Comment Oracle contre-attaque avec l'IA ?
Parallèlement à cette tempête médiatique, Oracle mène une offensive tous azimuts dans l'IA. Leur partenariat du 7 novembre avec la Cancer Center Informatics Society pour accélérer la recherche contre le cancer montre une stratégie habile : transformer l'IA en outil de rédemption sociale. Mais ce n'est qu'un aspect. Leur contrat avec Defence Holdings PLC pour des solutions militaires souveraines révèle une autre facette - l'IA comme levier géopolitique. Sans oublier l'accord avec le Kazakhstan, où j'ai repéré une mention intrigante : "infrastructures cloud résilientes". Coïncidence après le piratage ? Pas sûr.
Pourquoi les insiders vendent-ils massivement leurs actions ?
Un détail qui m'a fait dresser l'oreille : 60,2 millions de dollars d'actions vendues par des dirigeants en 90 jours. Certes, les plans de vente programmés existent, mais ce montant dépasse les normes historiques. J'ai comparé avec les données TradingView : c'est 40% de plus qu'en 2024 à la même période. Pourtant, les RPO (engagements contractuels futurs) ont explosé de 359% à 455 milliards. Un paradoxe ? Peut-être pas. Comme me l'a confié un analyste du BTCC (sous couvert d'anonymat) : "Le cloud rapporte demain, mais la sécurité coûte aujourd'hui".
Quels sont les véritables enjeux financiers pour Oracle ?

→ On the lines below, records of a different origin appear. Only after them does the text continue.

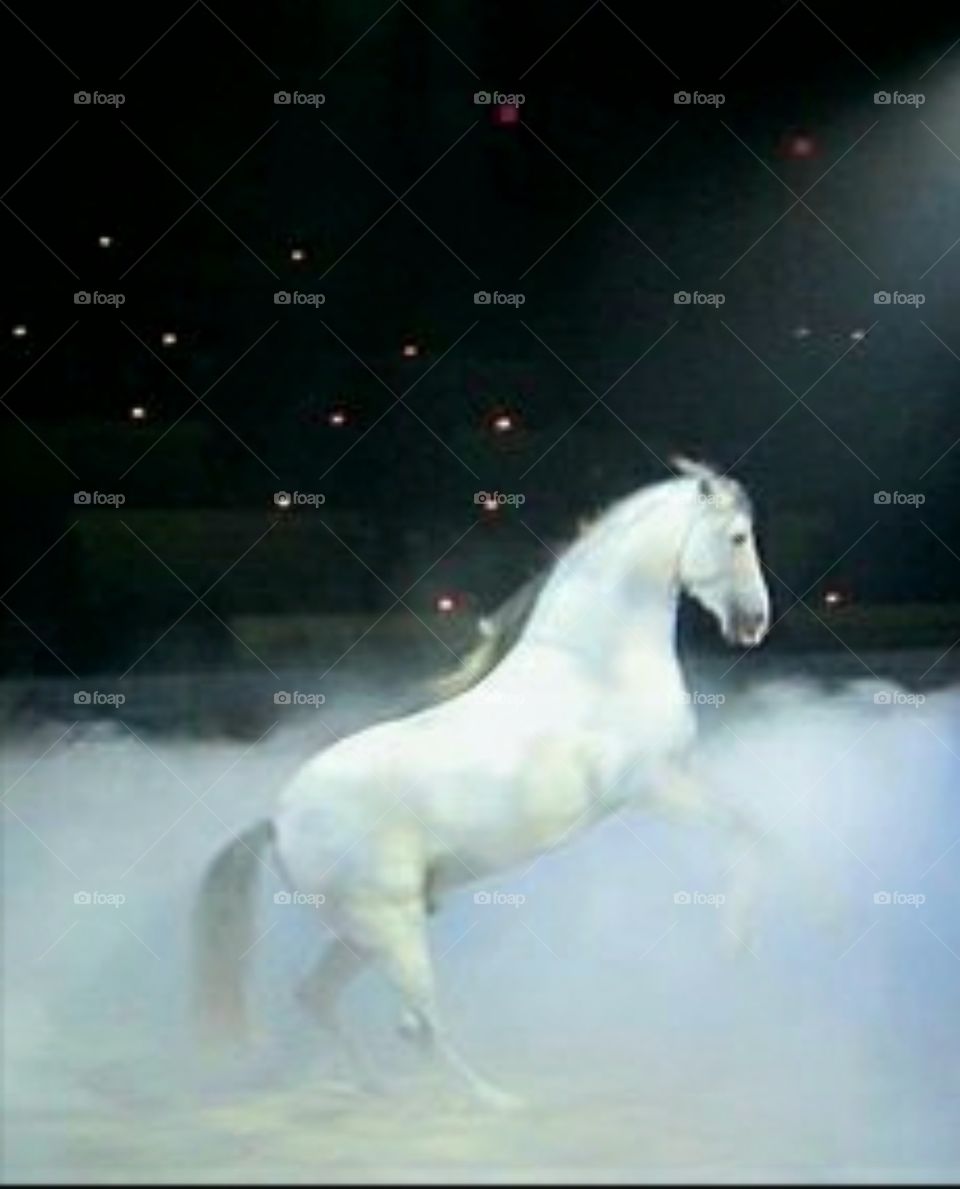 horse rearing up during the Medieval Times show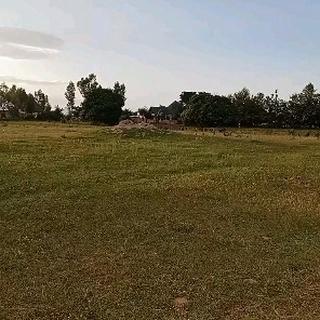 Plots for sale at Kisesa, Mwanza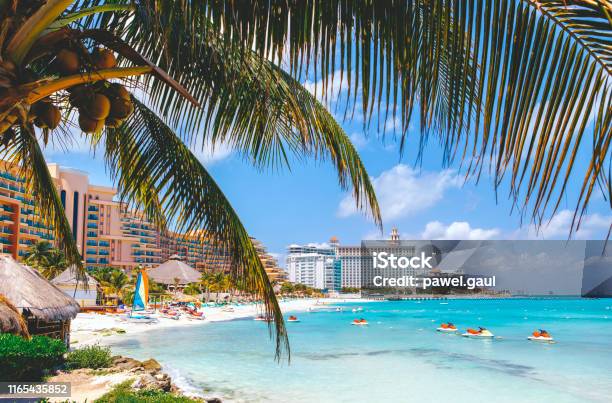 Cancun Beach With Hotels And Plam Tree In Foreground Stock Photo - Download Image Now
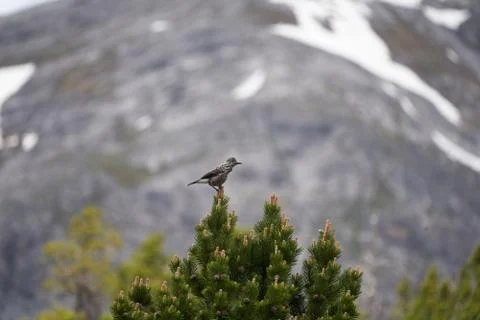 Spotted nutcracker also Eurasian nutcracker Nucifraga caryocatactes passerine Stock Photos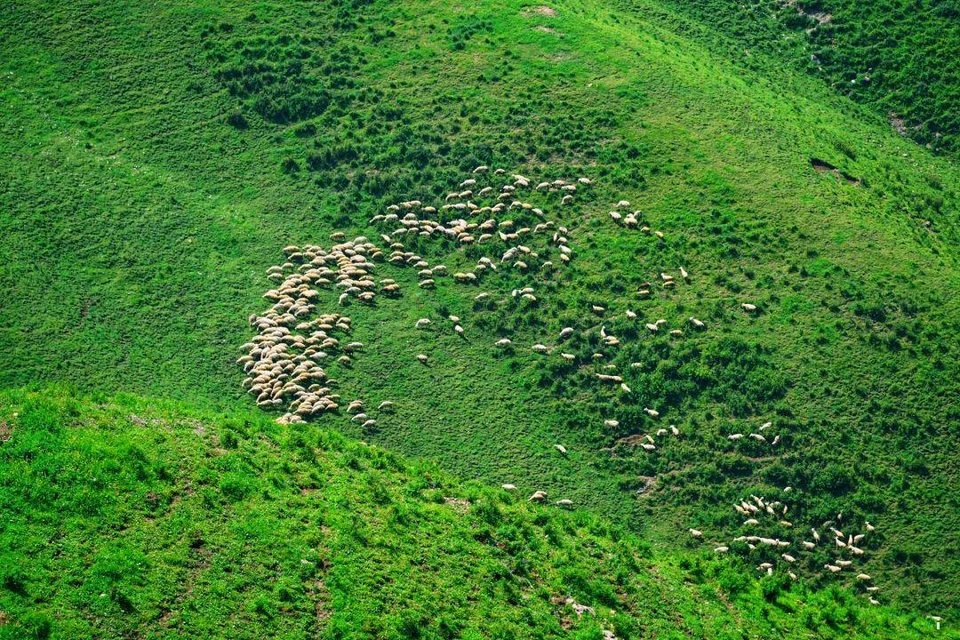 C-RiVVLFfYrHvtv7aiJvFHXZ950CtnIosojKTc4rAbluV1mDz9TjW1Ajxcsru2pi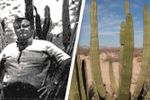 Kort, maar bizar: Texaan overlijdt nadat hij op een gigantische cactus schiet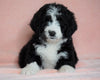 Standard Bernedoodle For Sale Baltic OH Female - Heidi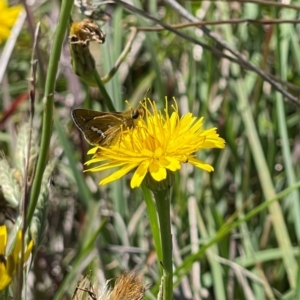 Taractrocera papyria at Crace Grassland (CR_2) - 19 Jan 2024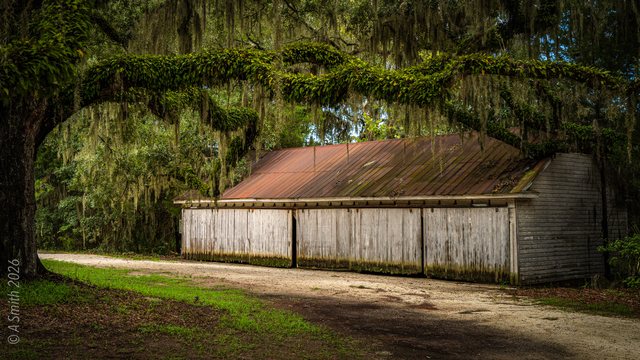 The shed, again.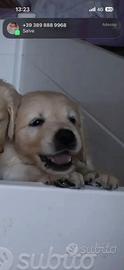 Cane Golden retriever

Regardons les chiffres bruts : au dernier trimestre, Oracle a manqué les attentes sur le revenu (-2,3% vs consensus) et le EPS (-0,08$). Mais leur marge cloud a grimpé à 58%, dépassant même Microsoft Azure. Le hic ? Les dépenses R&D en cybersécurité ont bondi de 27% en glissement annuel - une ponction visible sur le cash-flow. Pour moi, le vrai test viendra avec leur prochain rapport fin novembre. Si les désabonnements Enterprise dépassent 5%, ça pourrait déclencher une réaction en chaîne.
Que révèlent les récentes nominations clés chez Oracle ?
Le duo Magouyrk/Sicilia aux commandes depuis septembre intrigue l'écosystème. Clay Magouyrk, l'architecte de leur infrastructure cloud, associé à Mike Sicilia, un vétéran des solutions verticales. Un mélange qui sent bon la stratégie "cloud sécurisé par secteur". J'ai remarqué leur recrutement ciblé d'experts en cryptographie quantique - un indice sur leur prochaine feuille de route ?
Comment le marché perçoit-il la valse-hésitation sur Oracle ?
Les options sur l'action Oracle montrent une volatilité inhabituelle pour un blue-chip. Le put/call ratio a atteint 1,4 la semaine dernière - niveau jamais vu depuis la crise de 2022. Pourtant, 68% des analystes maintiennent un "Moderate Buy". Explication ? Comme le résume un gestionnaire de fonds que j'ai rencontré : "Oracle est devenu un meme stock pour institutionnels - on parie sur la transformation malgré les bosses sur la route".
Quelles leçons tirer des précédents historiques ?
En 2017, Equifax avait perdu 23% après son piratage... avant de rebondir 142% sur 3 ans. Le parallèle avec Oracle est tentant, mais incomplet. La différence clé ? L'exposition cloud actuelle crée un effet de levier inédit. Si Oracle parvient à convertir ne serait-ce que 30% de ses RPO en revenus récurrents d'ici 2026, les actuelles turbulences pourraient n'être qu'un mauvais souvenir. À condition que leur nouvelle équipe sécurité tienne ses promesses.